What to do: When you transcribe the listing, keep each line exact and drop the pictures.

Recorded information:

%%

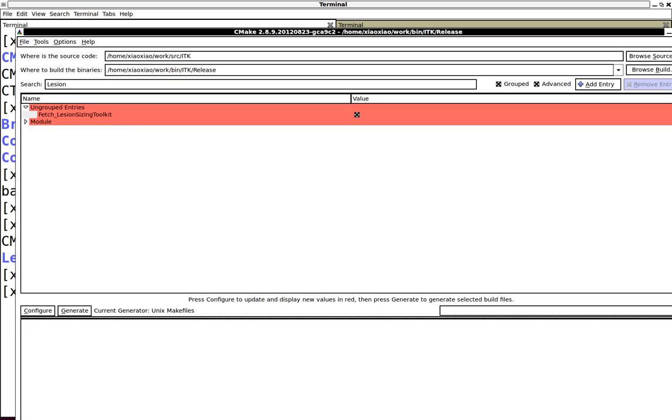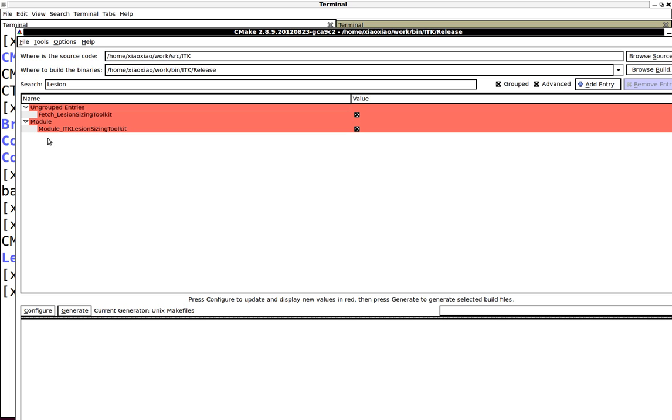After you enable this and get the source code, there is a new CMake variable called Module_ITKLesionSizingToolkit. Make sure you turn on this to include this module into your build system.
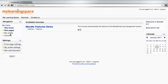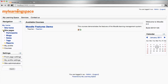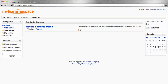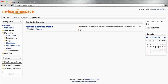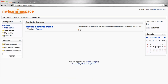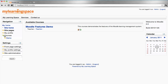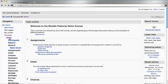Depending on your role, you may or may not be able to see all of the functions and features located in the respective folders, which you can see here can be expanded and collapsed. You then simply click a link to navigate to the desired location.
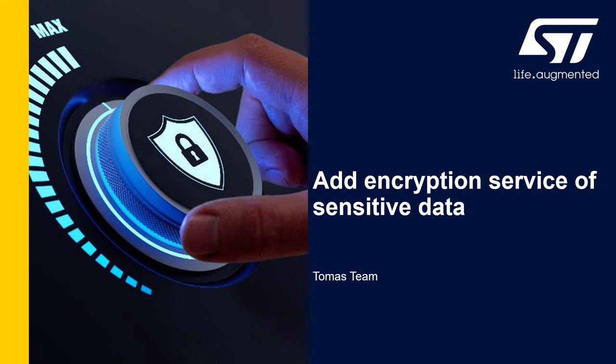You have just seen with Francis how to create an application on top of Secure Manager without having any interaction with Secure Manager, just using STM32CubeMX but in a Secure Manager environment. Now we will start interacting with Secure Manager and here we will use encryption to do that.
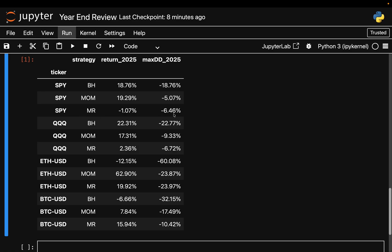Mean reversion interestingly lost money, you see minus 1 percent. That tells you something important - short-term drawdowns in the S&P 500 often continue instead of snapping back the next day. So one day dip buying rule gets run over while momentum mostly just filters the downside.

%%

Written solution:
After you enable this and get the source code, there is a new CMake variable called Module_ITKLesionSizingToolkit. Make sure you turn on this to include this module into your build system.
Depending on your role, you may or may not be able to see all of the functions and features located in the respective folders, which you can see here can be expanded and collapsed. You then simply click a link to navigate to the desired location.
You have just seen with Francis how to create an application on top of Secure Manager without having any interaction with Secure Manager, just using STM32CubeMX but in a Secure Manager environment. Now we will start interacting with Secure Manager and here we will use encryption to do that.
Mean reversion interestingly lost money, you see minus 1 percent. That tells you something important - short-term drawdowns in the S&P 500 often continue instead of snapping back the next day. So one day dip buying rule gets run over while momentum mostly just filters the downside.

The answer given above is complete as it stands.